## The problem
Within the listing below, please copy exactly the lines between the line holding "vidaXL Saltea gimnastică" and the line holding "Spare BLANK BARREL", inclusive.

## Records for this task
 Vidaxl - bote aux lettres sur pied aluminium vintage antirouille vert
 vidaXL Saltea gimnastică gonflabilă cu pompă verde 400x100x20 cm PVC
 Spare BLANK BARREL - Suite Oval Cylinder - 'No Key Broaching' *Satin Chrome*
--
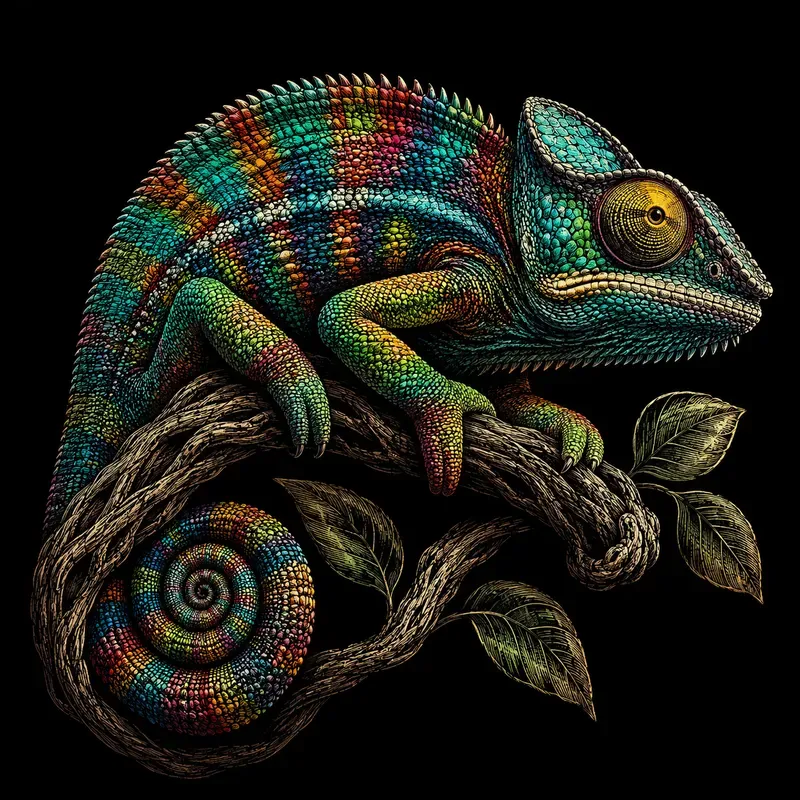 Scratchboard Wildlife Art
...
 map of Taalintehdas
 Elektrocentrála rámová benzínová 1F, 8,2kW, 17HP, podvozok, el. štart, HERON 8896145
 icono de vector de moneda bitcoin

## The answer
 vidaXL Saltea gimnastică gonflabilă cu pompă verde 400x100x20 cm PVC
 Spare BLANK BARREL - Suite Oval Cylinder - 'No Key Broaching' *Satin Chrome*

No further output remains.